Directors come at Hamlet the way singers approach the National Anthem before a sporting event. Many singers see the National Anthem as an opportunity to let out their inner diva and many directors see Hamlet as a vehicle for showcasing their own brilliance. Far too many of them make the mistake of assuming that because the play is so well known by so many, that a fresh, quirky interpretation is the only way to keep it interesting.
Last night we went with a bunch of people to see The Elm Shakespeare Company’s production of Hamlet in Edgerton Park. It was well done. Director James Andreassi added a modern grace note or two, but all in all kept it pretty true to the tone of the original. I appreciated his light touch. After all, it is the play that is brilliant and the play does not need much tinkering to keep it relevant.
Andreassi let Allyn Burrows as Hamlet keep the words up front and center stage, which is where Shakespeare’s insights belong. Over the past couple of years I have gained a deeper appreciation for Shakespeare.

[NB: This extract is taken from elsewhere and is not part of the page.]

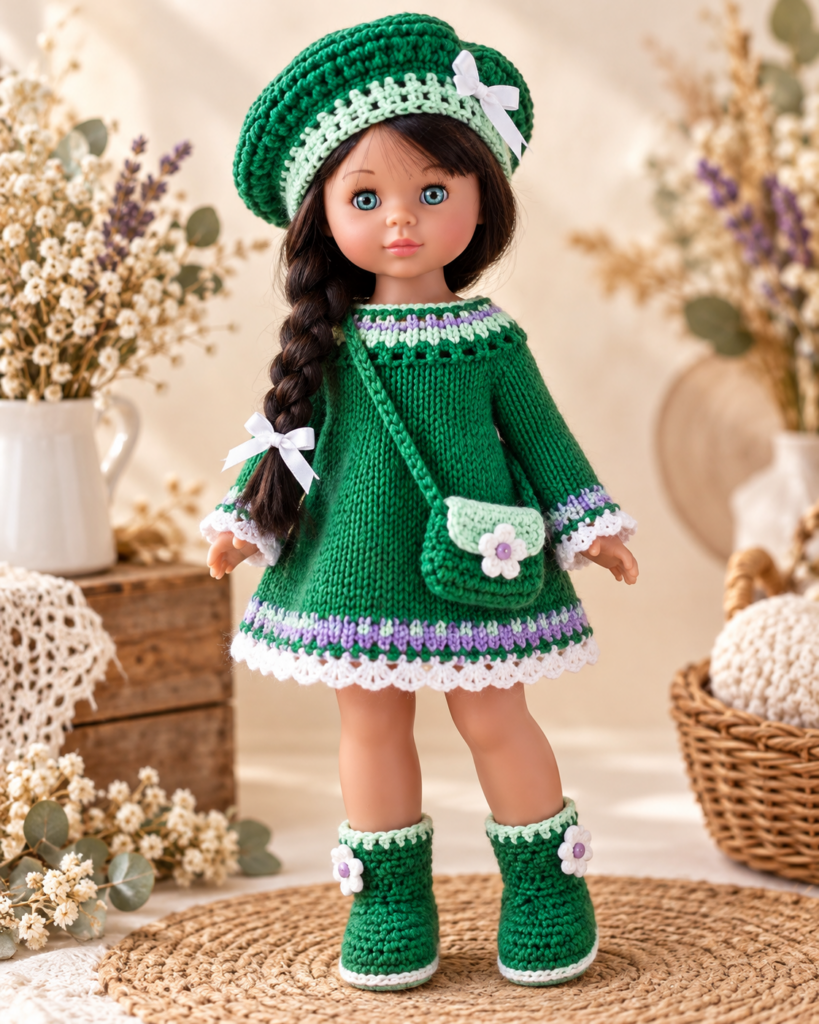 Conjunto verde y rosa para Nancy de MI JAULITA
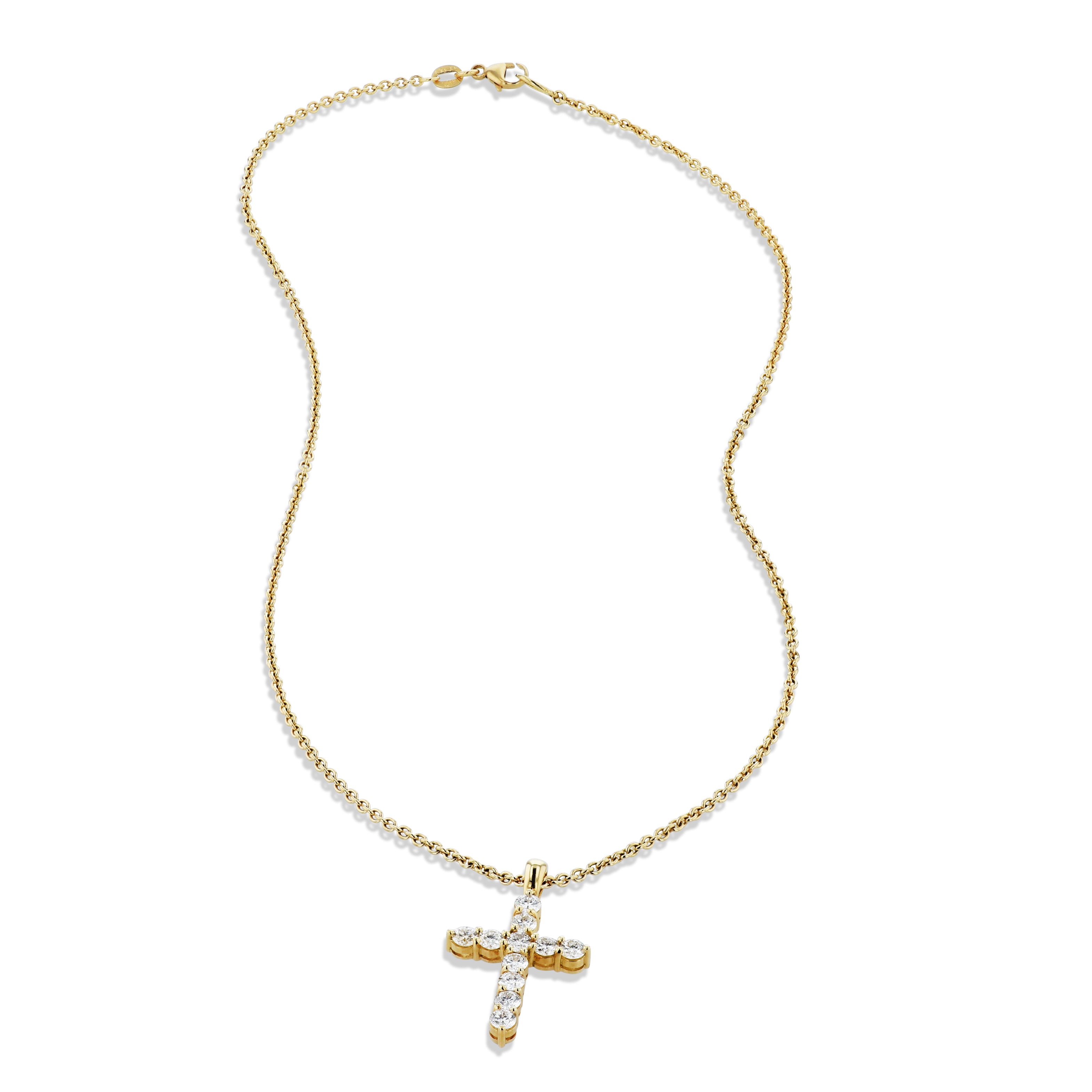 Diamond Cross Pendant Yellow Gold Necklace Necklaces H&amp;H Jewels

In fact, I have gotten to the point where I would claim that William Shakespeare was the most insightful human ever to set ink to a page. What he knew about humans and human nature predates Freud, Skinner, James, and Jung and surpasses what they knew, even if you put it all together.
Along with Burrows, Alvin Epstein, Lisa Bostnar, Tamara Hickey, and Mark Zeisler performed well in meaty roles. Their collective restraint served the story well and allowed Shakespeare’s insights the spotlight they deserve.

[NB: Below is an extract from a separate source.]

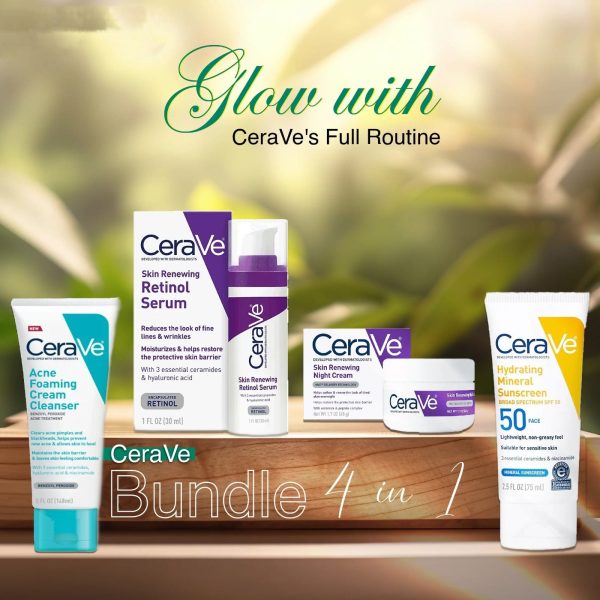 Cerave 4-in-1 Skincare Kit โ Night Cream, Sunblock, Cleanser & Serum for Radiant Skin | Free Delivery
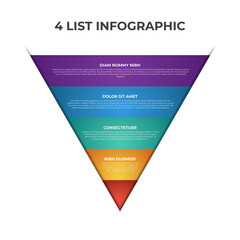 4 points, layers, options, step of list infographic element with funnel or pyramid chart diagram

Which is not to say that the Elm Shakespeare’s Hamlet is merely a series of psychological truths set in a story. If it were, it would ring flat. The genius of Shakespeare is that these nuggets of truth are set in the midst of compelling, engaging stories. And the beauty of Jim Andreassi’s Hamlet is that he strikes the right balance between the story and the truths.
The play, alternating with Thornton Wilder’s The Matchmaker, runs for two more weeks, and you can bet we will be back many more times before the run is through.